# Assignment
Search the listing below for the word "Maison" and copy each line where it appears.

________________

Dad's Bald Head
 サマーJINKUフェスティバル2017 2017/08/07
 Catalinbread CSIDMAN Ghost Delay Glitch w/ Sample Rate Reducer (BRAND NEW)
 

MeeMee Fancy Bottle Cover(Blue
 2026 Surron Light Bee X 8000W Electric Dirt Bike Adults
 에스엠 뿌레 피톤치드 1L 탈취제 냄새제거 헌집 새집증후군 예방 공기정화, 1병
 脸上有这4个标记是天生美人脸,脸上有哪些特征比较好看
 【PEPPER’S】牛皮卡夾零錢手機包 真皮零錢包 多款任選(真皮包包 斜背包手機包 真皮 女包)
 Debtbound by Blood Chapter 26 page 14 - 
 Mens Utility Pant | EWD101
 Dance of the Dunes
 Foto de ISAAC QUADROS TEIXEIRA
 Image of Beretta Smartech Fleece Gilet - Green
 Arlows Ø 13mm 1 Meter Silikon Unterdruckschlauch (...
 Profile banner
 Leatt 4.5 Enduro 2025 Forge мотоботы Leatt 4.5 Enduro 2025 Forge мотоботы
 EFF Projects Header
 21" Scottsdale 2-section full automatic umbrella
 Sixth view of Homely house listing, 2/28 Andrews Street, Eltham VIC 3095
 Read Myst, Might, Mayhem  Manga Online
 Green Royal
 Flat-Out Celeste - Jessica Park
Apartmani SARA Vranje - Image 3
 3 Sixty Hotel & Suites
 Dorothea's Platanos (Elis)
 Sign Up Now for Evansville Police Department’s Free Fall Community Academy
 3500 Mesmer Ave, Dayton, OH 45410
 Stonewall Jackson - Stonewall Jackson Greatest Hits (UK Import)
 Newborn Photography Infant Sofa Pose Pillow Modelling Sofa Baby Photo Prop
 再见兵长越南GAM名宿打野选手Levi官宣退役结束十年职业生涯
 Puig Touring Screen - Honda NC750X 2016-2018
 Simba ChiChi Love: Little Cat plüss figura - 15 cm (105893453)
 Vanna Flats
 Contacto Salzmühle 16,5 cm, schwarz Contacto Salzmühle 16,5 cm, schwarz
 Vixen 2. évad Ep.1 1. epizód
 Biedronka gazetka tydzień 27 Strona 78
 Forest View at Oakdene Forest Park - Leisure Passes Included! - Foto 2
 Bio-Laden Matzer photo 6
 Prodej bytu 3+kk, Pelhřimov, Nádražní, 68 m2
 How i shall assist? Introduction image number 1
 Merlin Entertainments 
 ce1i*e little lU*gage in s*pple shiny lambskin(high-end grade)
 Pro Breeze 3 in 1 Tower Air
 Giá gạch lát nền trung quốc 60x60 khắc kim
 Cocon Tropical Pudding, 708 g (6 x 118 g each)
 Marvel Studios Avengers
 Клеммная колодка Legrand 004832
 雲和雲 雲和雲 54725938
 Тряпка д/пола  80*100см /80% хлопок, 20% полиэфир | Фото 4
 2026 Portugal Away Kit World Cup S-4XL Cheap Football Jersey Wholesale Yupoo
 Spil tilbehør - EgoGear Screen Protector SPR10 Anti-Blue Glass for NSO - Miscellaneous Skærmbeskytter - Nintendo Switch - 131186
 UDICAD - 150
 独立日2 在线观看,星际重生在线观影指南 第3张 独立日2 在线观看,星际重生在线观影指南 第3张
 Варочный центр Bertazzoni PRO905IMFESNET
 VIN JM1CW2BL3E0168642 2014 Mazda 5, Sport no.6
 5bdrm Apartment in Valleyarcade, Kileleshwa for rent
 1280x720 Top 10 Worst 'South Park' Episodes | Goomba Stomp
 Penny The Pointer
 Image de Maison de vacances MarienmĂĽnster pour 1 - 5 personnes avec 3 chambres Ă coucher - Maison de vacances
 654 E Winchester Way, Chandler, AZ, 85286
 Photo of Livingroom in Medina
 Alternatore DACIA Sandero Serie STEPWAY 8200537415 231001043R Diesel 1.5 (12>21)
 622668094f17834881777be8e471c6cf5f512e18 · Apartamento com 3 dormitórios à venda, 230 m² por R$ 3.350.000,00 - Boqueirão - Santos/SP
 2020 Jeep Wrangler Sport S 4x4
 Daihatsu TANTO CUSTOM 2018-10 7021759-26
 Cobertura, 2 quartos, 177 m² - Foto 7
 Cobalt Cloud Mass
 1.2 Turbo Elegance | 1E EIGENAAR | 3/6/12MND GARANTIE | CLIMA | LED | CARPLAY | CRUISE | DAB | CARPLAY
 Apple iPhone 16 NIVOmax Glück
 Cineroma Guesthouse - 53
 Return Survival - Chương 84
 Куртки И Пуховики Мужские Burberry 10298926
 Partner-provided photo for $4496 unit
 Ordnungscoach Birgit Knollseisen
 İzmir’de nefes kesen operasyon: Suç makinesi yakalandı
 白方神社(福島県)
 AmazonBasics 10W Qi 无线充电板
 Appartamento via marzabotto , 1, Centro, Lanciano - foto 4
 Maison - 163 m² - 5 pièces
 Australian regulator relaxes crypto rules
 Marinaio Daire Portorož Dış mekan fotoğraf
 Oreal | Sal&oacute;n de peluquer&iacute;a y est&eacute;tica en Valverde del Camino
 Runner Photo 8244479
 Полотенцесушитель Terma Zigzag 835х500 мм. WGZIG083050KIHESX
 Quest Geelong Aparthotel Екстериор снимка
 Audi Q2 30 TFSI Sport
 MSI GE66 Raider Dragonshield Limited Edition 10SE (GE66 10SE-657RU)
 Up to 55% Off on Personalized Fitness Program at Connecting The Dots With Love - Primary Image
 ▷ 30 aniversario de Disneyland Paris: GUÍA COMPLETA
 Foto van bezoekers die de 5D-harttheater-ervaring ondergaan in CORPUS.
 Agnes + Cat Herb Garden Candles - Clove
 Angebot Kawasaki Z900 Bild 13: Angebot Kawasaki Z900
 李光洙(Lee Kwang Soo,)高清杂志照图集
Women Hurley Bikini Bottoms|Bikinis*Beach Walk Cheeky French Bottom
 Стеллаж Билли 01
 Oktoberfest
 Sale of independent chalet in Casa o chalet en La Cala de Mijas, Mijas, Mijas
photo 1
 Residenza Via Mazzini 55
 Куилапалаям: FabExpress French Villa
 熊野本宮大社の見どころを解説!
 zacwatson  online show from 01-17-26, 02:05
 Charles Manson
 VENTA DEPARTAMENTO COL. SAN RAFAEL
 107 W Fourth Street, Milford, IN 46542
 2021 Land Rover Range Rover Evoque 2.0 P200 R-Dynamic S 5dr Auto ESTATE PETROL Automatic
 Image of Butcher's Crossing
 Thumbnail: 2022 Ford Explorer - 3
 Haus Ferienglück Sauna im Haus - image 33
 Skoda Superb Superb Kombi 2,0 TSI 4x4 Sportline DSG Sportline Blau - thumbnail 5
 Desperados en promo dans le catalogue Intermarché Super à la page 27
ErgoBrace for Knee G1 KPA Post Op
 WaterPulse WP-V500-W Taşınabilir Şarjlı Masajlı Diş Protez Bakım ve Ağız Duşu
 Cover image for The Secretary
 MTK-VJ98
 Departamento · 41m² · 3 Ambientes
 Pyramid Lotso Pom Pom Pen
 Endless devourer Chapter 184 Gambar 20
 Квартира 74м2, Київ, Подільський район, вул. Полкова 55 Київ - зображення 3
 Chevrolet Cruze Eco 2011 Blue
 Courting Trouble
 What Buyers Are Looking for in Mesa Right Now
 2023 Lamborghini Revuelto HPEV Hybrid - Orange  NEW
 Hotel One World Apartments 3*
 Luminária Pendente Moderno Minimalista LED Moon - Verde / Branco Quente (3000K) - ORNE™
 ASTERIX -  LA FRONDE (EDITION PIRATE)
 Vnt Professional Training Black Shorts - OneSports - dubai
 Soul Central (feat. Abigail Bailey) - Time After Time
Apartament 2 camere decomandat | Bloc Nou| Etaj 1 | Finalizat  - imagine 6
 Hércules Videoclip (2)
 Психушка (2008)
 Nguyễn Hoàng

________________

# Answer area
 Image de Maison de vacances MarienmĂĽnster pour 1 - 5 personnes avec 3 chambres Ă coucher - Maison de vacances
 Maison - 163 m² - 5 pièces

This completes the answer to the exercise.